Deputy Mayor for Policing, Crime and Criminal Justice, Beverley Hughes, said: “As we don’t have the same number of frontline officers we had back in 2011, it is vital that we continue to invest in our force to make sure they are focused on and have the resources they need to fight and prevent crime.

“Funds raised by the police precept will help us make further and faster changes to GMP including response times to reported crime, arresting more criminals, a one hundred per cent attendance offered to every victim of burglary, and more officers recruited to improve road safety.

“We want the public to have confidence in GMP again and with the help of local taxpayers through the police precept, I know we can do that.”

In September, inspectors found the force was putting public safety at risk due to its treatment of vulnerable victims due to ‘significant delays’ in responding.

But under the new Chief Constable Stephen Watson who took office last May, there has been ‘significant’ progress in performance, the mayor’s office says.

Compliance with crime recording standards improved from 77 % to more than 90 %, with over 95 per cent for crimes involving the most vulnerable victims, according to the Greater Manchester Combined Authority.

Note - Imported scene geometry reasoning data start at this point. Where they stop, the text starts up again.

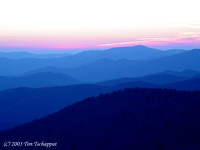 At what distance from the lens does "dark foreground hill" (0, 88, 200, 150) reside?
26413 mm

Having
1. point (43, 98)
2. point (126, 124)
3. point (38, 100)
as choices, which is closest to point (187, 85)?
point (43, 98)

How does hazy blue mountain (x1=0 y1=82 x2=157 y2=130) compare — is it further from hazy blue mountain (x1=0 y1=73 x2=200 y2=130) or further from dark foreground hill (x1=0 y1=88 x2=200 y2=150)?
dark foreground hill (x1=0 y1=88 x2=200 y2=150)

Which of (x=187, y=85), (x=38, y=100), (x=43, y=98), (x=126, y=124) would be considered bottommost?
(x=38, y=100)

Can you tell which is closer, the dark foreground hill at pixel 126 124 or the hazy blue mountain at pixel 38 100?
the dark foreground hill at pixel 126 124

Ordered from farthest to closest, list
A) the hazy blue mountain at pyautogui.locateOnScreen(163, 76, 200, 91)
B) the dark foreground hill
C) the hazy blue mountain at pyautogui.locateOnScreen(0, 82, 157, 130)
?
the hazy blue mountain at pyautogui.locateOnScreen(163, 76, 200, 91)
the hazy blue mountain at pyautogui.locateOnScreen(0, 82, 157, 130)
the dark foreground hill

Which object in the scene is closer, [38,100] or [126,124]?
[126,124]

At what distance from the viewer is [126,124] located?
33.4m

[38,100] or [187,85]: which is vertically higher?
[187,85]

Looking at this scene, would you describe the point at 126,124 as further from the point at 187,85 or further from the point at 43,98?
the point at 43,98

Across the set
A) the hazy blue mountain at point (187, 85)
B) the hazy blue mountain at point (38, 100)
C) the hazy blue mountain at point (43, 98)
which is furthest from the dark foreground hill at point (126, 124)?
the hazy blue mountain at point (187, 85)

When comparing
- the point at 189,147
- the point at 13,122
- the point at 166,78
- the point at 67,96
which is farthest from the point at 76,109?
the point at 166,78

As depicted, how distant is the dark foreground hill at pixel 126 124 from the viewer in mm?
26413

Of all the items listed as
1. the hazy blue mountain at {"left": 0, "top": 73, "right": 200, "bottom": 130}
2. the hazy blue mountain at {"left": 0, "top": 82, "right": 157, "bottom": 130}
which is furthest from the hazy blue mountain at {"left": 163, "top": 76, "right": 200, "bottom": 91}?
the hazy blue mountain at {"left": 0, "top": 82, "right": 157, "bottom": 130}

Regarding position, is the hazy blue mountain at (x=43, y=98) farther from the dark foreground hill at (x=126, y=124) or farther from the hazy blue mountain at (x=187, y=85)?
the dark foreground hill at (x=126, y=124) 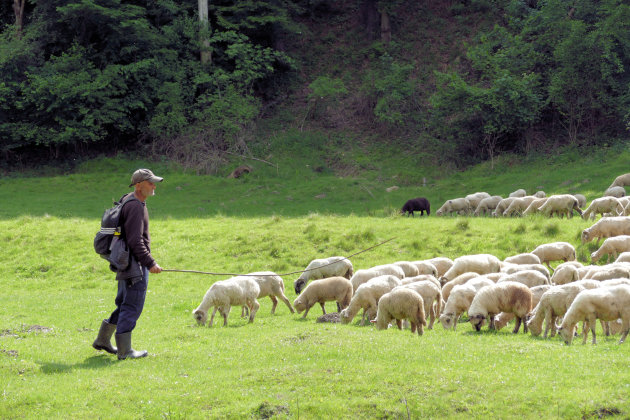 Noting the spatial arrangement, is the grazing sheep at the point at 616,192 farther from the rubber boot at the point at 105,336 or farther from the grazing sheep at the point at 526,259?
the rubber boot at the point at 105,336

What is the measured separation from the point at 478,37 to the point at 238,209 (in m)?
21.2

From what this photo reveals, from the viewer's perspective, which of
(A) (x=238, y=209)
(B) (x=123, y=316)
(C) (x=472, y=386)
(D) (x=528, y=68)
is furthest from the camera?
(D) (x=528, y=68)

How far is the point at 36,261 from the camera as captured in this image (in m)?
23.2

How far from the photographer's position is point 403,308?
12438mm

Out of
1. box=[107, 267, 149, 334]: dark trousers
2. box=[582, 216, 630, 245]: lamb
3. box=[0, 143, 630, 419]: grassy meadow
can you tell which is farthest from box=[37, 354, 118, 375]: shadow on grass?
box=[582, 216, 630, 245]: lamb

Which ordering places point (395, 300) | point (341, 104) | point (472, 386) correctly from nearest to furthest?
1. point (472, 386)
2. point (395, 300)
3. point (341, 104)

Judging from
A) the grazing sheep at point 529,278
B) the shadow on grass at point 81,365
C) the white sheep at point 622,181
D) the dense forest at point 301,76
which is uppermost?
the dense forest at point 301,76

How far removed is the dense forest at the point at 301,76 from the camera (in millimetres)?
37031

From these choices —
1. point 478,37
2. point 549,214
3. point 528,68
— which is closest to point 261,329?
point 549,214

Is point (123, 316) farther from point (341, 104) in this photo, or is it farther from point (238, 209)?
point (341, 104)

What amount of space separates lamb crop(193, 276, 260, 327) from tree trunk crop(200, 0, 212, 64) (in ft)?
104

By the end of 2021, the 52-week average answer time for 999 calls was cut from 36 seconds to 27 seconds, with a 55 % fall in the incident waiting list.

Officers now attend 92 % of burglaries with the aim of offering attendance to every victim.

An investment in 167 extra new cars for response officers and increased driver training capacity means that more staff can respond to emergency situations.

The force also announced last year that a custody suite in Bolton which had closed would re-open as part of its plans to focus on arresting more criminals.

What’s next?

The final precept will be agreed by the Greater Manchester Police, Fire and Crime Panel which is made up of councillors from each of the 10 councils and is chaired by a councillor at an extraordinary meeting scheduled for 31 January.

The public can respond to the police precept consultation at by Thursday 27 January.